They Shall Grow Not Old: Irish Soldiers and the Great War, Myles Dungan. (Four Courts Press, £17.95) ISBN 1851823476

This is a ‘popular’ rather than an academic work. The author states at the outset that it is ‘designed merely to keep before the public eye a neglected area of historical research and evaluation and to bring some more anecdotal material into the public domain in an edited, organised and palatable form’ (p.9). By academic standards, Dungan’s book is far from satisfactory. His primary sources rely solely on archival material from the Imperial War Museum, National Army Museum and Australian War Memorial and oral history sources held by the Somme Association and RTÉ. Thus chapter four, ‘“Shell Shocked”: the psychological effects of the Great War’, in which he discusses the ‘shot at dawn’ courts martial cases, is particularly weak. Records relating to these cases were released by the Public Record Office in London as long ago as 1993 and one would have thought that the author should have consulted these official transcripts, rather than endlessly citing J. Putkowski and J. Sykes, Shot at Dawn: executions in World War One by authority of the British Army Act (London 1989).
The secondary source material used is equally inadequate. Modern work, essential to a proper understanding of Ireland and the Great War—such as: D. Fitzpatrick, Politics and Irish Life, 1913-1921: provincial experience of war and revolution (Dublin 1977); D. Fitzpatrick (ed.), Ireland and the First World War (Dublin 1988); T. P. Dooley, Irishmen or English Soldiers?: the times and world of a Southern Catholic Irishman (1876-1916) enlisting in the British Army during the First World War (Liverpool 1995); and numerous articles by P. Callan, T. Denman, and M. Staunton, which have appeared in The Irish Sword since the early 1980s—are omitted. Likewise, some of the more important post-war regimental histories, such as C. Falls, A History of the First Seven Battalions of the Royal Irish Rifles (Aldershot 1925), are absent from Dungan’s bibliography.

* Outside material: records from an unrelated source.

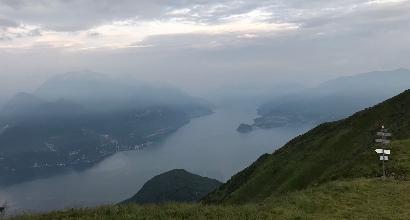 Plesio Trail, runners nella nebbia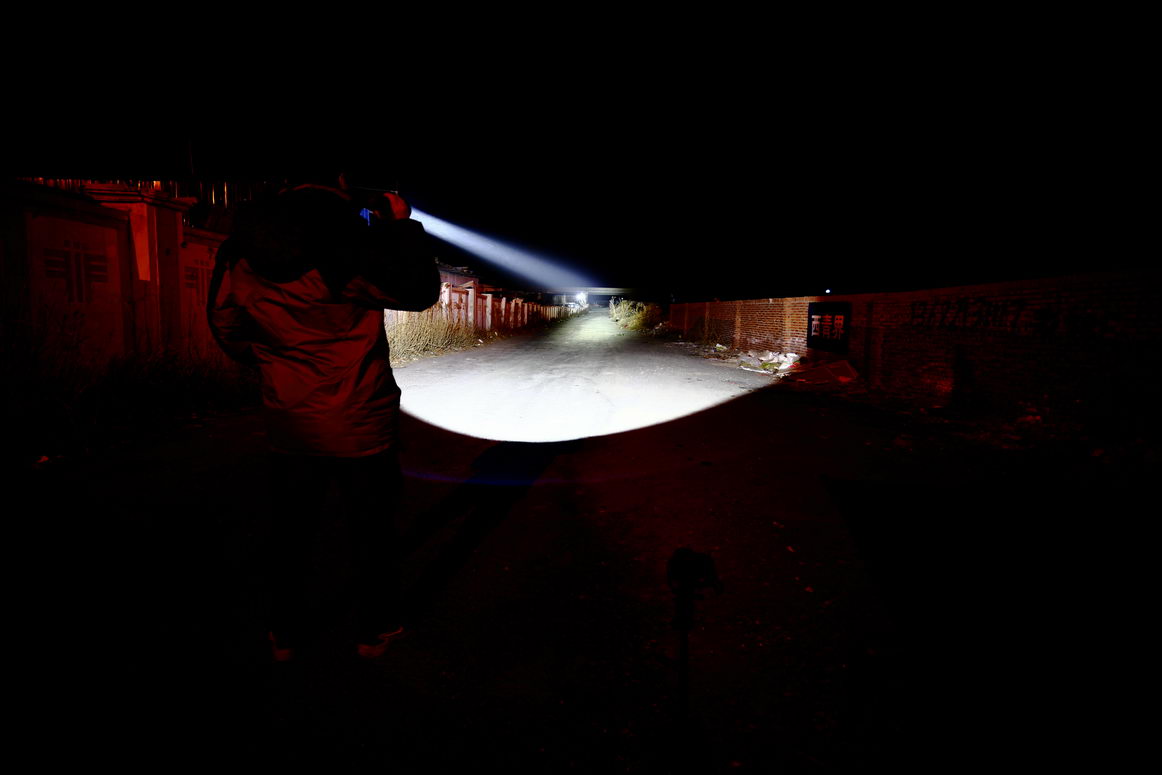 性能怪兽7500流明超级远射雷鸣兔SD90评测#科技快报#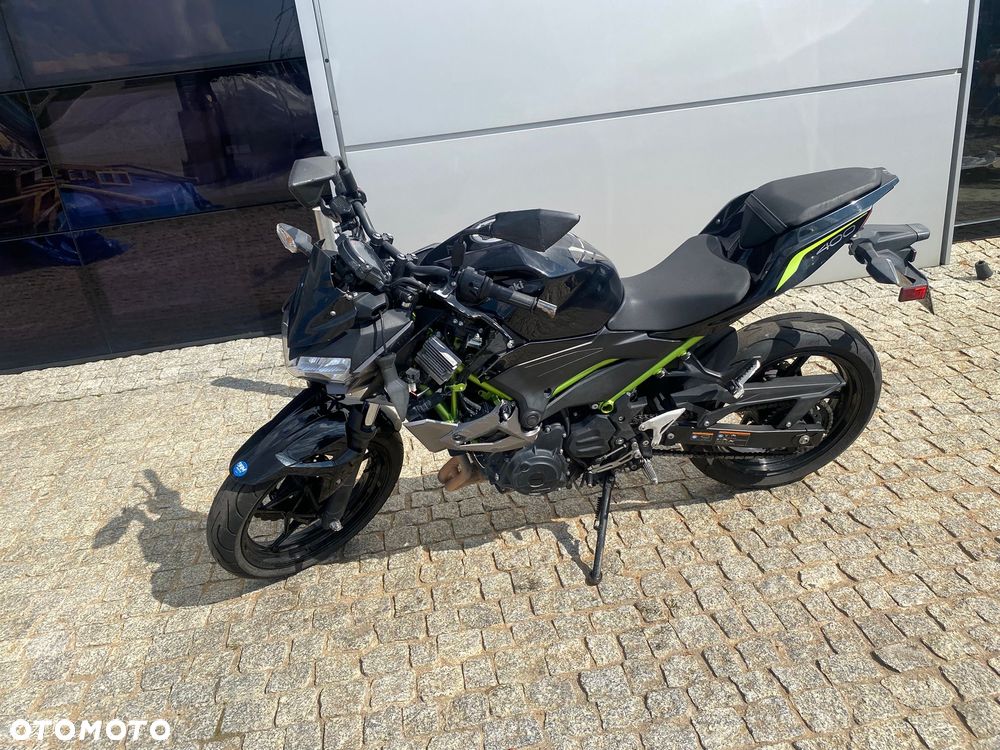 Kawasaki Z - 6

The subject for this book is indeed one that demands more attention. However, Dungan’s approach is rather unfocused. There is no real attempt to link the experience of Irish soldiers with that of their British, much less European, counterparts and important recent works on the British Army in World War I, for example, I.F.W. Beckett and K. Simpson (eds.), A Nation in Arms: a social study of the British Army in the First World War (Manchester 1985) are again omitted from the bibliography. Consideration of Irishmen in the ANZAC forces (chapter five) is poorly researched (even ignoring A. Thomson, ANZAC Memories: living with the legend [Oxford 1994]) and lacks rationale, since there is no similar assessment of the role of Irishmen in the Canadian Expeditionary Force or the United States Army.
Disappointingly little is said about the actions of the 36th. (Ulster) Division. Given that, by war’s end, this was the only ‘Irish’ division left in the British Army (the 10th. [Irish] Division having been ‘Indianised’ in April 1918 and the 16th. [Irish] Division reconstituted with non-Irish battalions after the German spring offensive of 1918) this seems a strange oversight. Despite Dungan’s protestations to the contrary, his earlier, Irish Voices from the Great War (Dublin 1996), also made little reference to this formation. One can only pose two scenarios as to why the contribution of Ulstermen to the British Army in the Great War (and, we should remember, that about half of the 150,000 Irish recruits to the armed forces between 1914 and 1918 came from Ulster) is overlooked in this fashion. Either the political agenda of this work is to rehabilitate the memory of the Southern Irish soldier at the expense of his Northern counterpart, or the prospect of primary research in the regimental museums and the Public Record Office of Northern Ireland was considered too demanding.
The most important role of the book will be to raise the question of where our study of Ireland and the First World War proceeds from here. Study of Irish soldiers in this conflict is by no means exhausted. If, as Dungan hopes, his book spurs someone to examine the Great War and modern Irish memory (a topic on which Keith Jeffrey and Jane Leonard have already published valuable articles), one can only hope that it may encourage others to investigate the impact of the war on the Irish home front.
Having said all this, as a ‘popular’ history Dungan’s work has many good points: it is written in a lively and witty style; it brings material from P. Callan’s and M. Staunton’s, as yet unpublished, PhD and MA theses and the almost inaccessible RTÉ sound archives to the attention of a wider public; and despite a few typographical errors, this is generally a well produced book, at the very reasonable price.